GTO 3987 on Mulholland

Saturday, June 28, 2014

Action/ReAction for singers

Having developed the Action/ReAction technique over twenty-plus years, I have seen it grow and evolve into a highly technical approach with component parts each with their own specific function and purpose. I have applied the technique to actors, of course, and to businessmen whose careers relied on being able to resonate constituent groups amongst the audience for their public proclamations. I have generally avoided politicians and lawyers in this regard though I would make an exception for a notable few.

In the process of getting my students to think of themselves as singer/dancers rather than actors or public speakers, I have never actually instructed the technique to singers advising that they think of themselves as an actor--until now.

The student in question needed no help whatsoever with music--vocal or instrumental--as he has that down and is very talented. What I started with, as I do with any student, is the brand and how he wanted the public to perceive him as an artist. We discussed the personal brands of well known artists as examples of how a brand can manifest for a musician.

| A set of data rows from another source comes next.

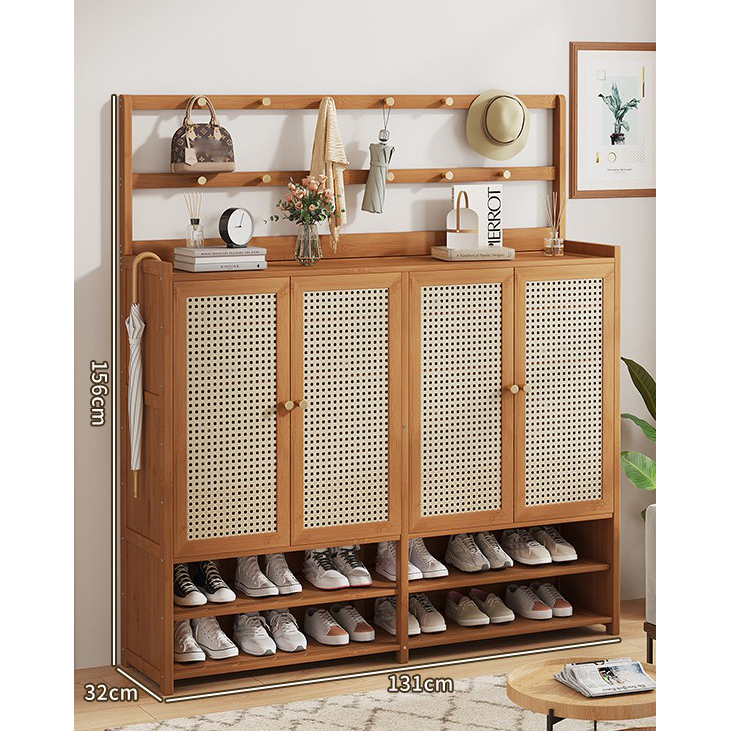 Plastic rattan door (double pole model) 4 doors 7 layers-a880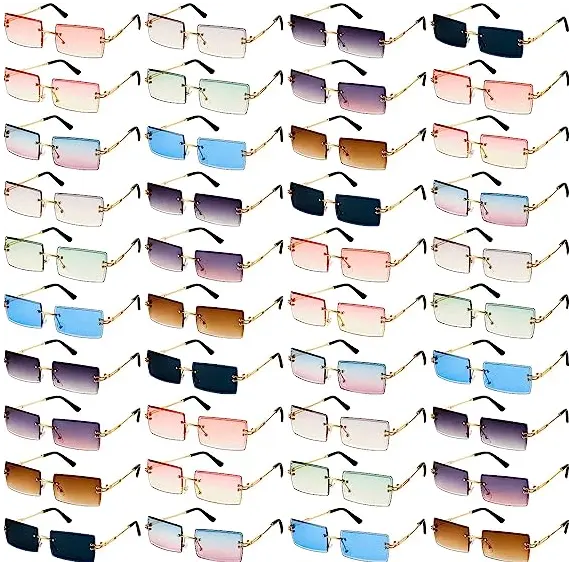 Candy Color Rectangular Retro Square Frameless Sun Glasses Vintage 90s custom logo unisex Small Rectangle rimless sunglasses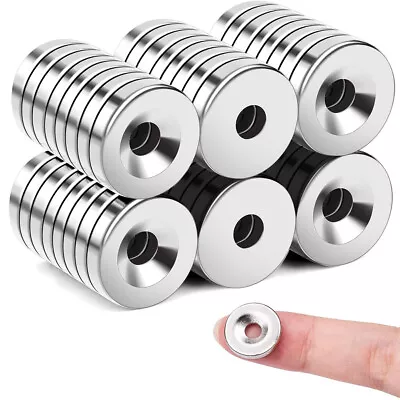 Super Strong Cylinder Magnets Rare-Earth Neodymium Magnet W/Hole Round 20x5mm • $12.99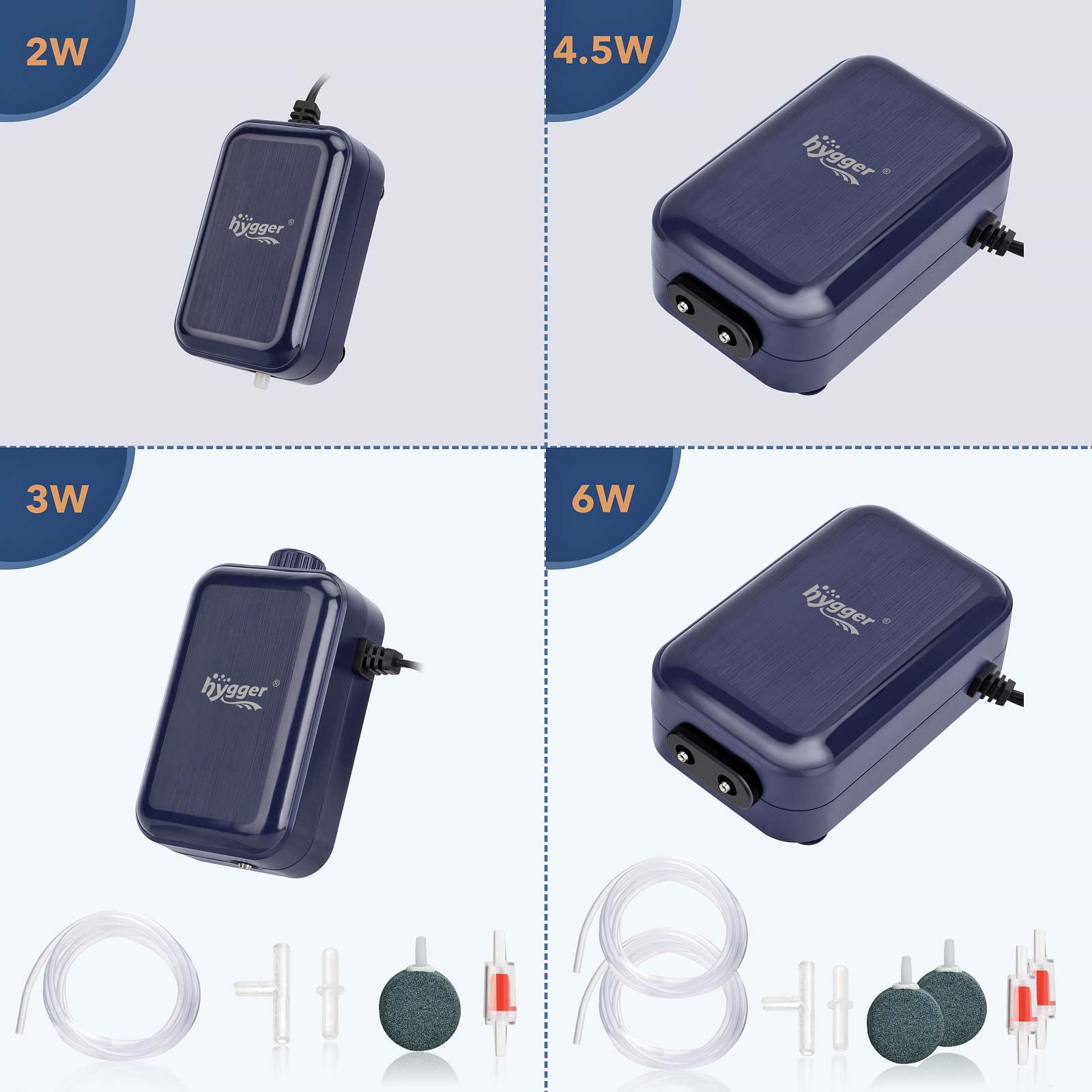 Hygger Aquarium Air Pump, Adjustable Oxygen Pump, Silent Powerful Aerator Pump 2W/3W/4.5W/6W/ 2 Air Outlets Ultra For Up To 100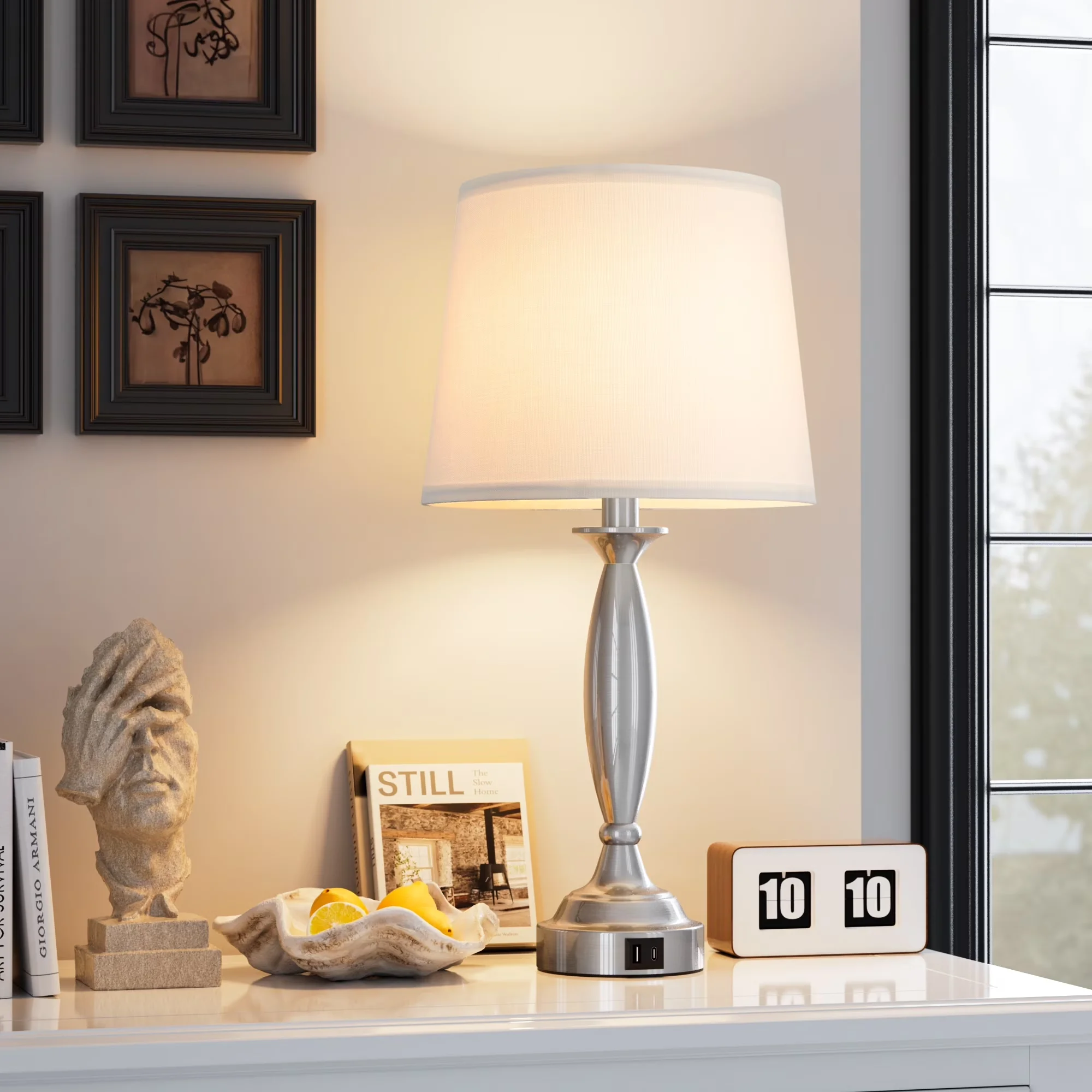 Essential Lamp Set with LED, Modern, Touch Sensor - Metal White, Silver for Bedroom, Dorm Model 98A09C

It took only a few minutes for this to become obvious and helped to formulate his own personal brand. He now understands that the DNA of his brand must be evident in every public offering whether a song, a photograph, a PR interview, a personal appearance or blog post.

From there, we moved into a discussion of the technique itself. As a singer, he was already accustomed to singing his songs in phrases, so we moved into emphasis and then broached the subject of interstitial reactions. He had never heard of the concept but quickly understood why they are important in resonating the various groups that comprise an audience--after all, growing a fan base is as important to a singer as it is to an actor.

This was only the first session with him but he took to it easily and it underscored for me how the technique, though designed for actors, has relevance to any form of communication.